Following the same track, the Kolkata boys try retracing the century—old map outlined by the narrator of Palamou. Meanwhile the wilderness has suffered many traumatic upheavals—it no longer is as ‘wild’ or ‘distant’ as previously. Travelling to outlying corners is not much of a hassle any more. The middle-aged narrator of Palamou had to depend on the shoulders of palanquin-bearers to reach his destination; the youngsters of Aranyer Din Ratri make the trip by car. Yet the world-view of the bhadraloks remains unshaken: these 'makers’ of ‘history’ don’t seem to be affected by changes, structural changes that occur elsewhere.
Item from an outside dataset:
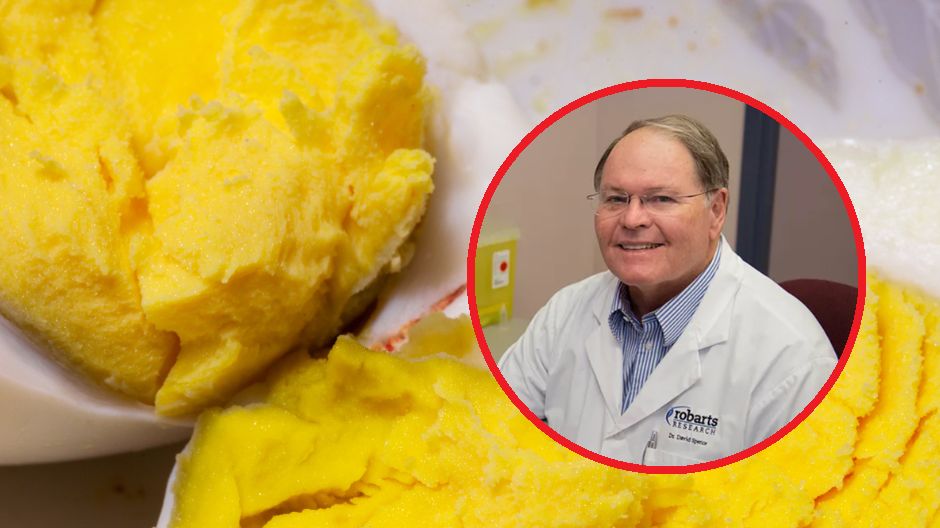 Żółtka mogą zwiększać ryzyko udaru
Like Sanjib Chandra’s narrator, Satyajit Ray’s young men too are exotically predisposed: placing the ‘unfamiliar’ in some proper ‘environment’ is simply a necessity for them, absolutely mandatory for their mise-en-scene. And what is more, besides the attitude, the four men —a little jaded but still green enough to face new challenges—also have the tact to manage the tricky business of ‘putting-in-the-scene’ to the best of their interest. ‘Locating’ the aliens in their rightful milieu—‘location shooting’ for short—enables them to keep their return-passage safe. It is this pragmatism which allows the forward-looking adventurers to forego their bearings, ‘forget’ themselves, dance to the raptures of ‘nature’, but still maintain a strong foothold on ‘reality’. After all, the boys are not mad — ‘cultured’ as they are, they know full well that their hobnobbing with ‘nature’ cannot but be brief.
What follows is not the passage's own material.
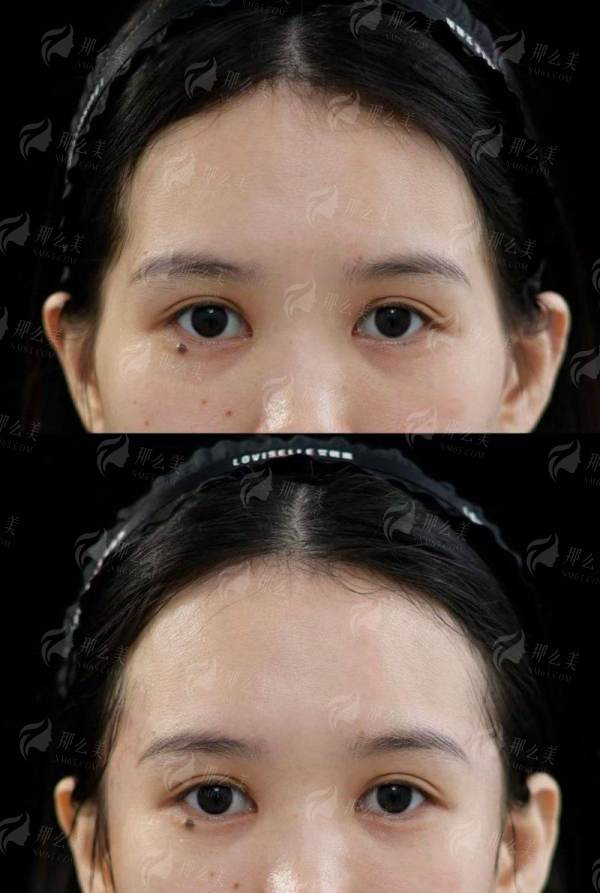 <strong>重庆军美隆胸特色治疗方式与仪器</strong>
Sekhar—Ashim—Sanjay and Hari, the four nature-enthusiasts of Aranyer Din Ratri, are victims of a double interpellation. They are simultaneously interpellated by two brands of ideology: the ideology of ‘primitivism’ and the ideology of ‘tourism’. The former has had a longer run, a longer history. Its career was particularly checkered during the heydays of the Raj, in those earlier moments of ‘discovery’ when Europe was falling all over heels at meeting people who looked ‘different’. This fascination with ‘difference’ in turn produced a discourse focalised on ‘sameness’-to ‘name’ the mass of non-whites, the one word that was highly priced by the discourse was ‘primitive’. But such was the colonial paradox, the exigencies of rule and roosting over others, that the same homogenising zeal had also to be partly tempered. Since the supervision of the colonial machinery needed the help and support of a section of the colonised, a more cunning system of classification had to be conceived. The system had to be ‘cunning’—it had to break the monotony of ‘sameness’, add colour to the monochromic black world without however affecting the assumption vis-a-vis the essential ‘nature’ of the subjected ‘races’. Adding subtle, nuances of ‘difference’ by mixing a little bit of ‘white’ to the raging ‘black’ could only lead to the formulation: ‘Though all non-whites are equally primitive, some non-whites are more equally primitive than others.’ It goes without saying that this variegated ‘primitivism’ was further strengthened by the ‘pre-modern’ faith in the superiority of the upper castes in relation to those who live in the margins of society. Coupling colonial gentility with Brahminical gentility furnished a new image for the ‘aborigines’ - the gap between those who were being duly ‘nurtured’ and those who dwelled in the state of ‘nature’ increasing, people like the Santhals become progressively more ‘primitive’. It is of course ironic that more they turned into things of curiosity more endangered they became as species. The primeval people of the ‘jungle’ drew attention as store-houses of beliefs and practices which were both residual and fast vanishing; and the ‘jungle’, by the same token, got more to be like reserve-forests.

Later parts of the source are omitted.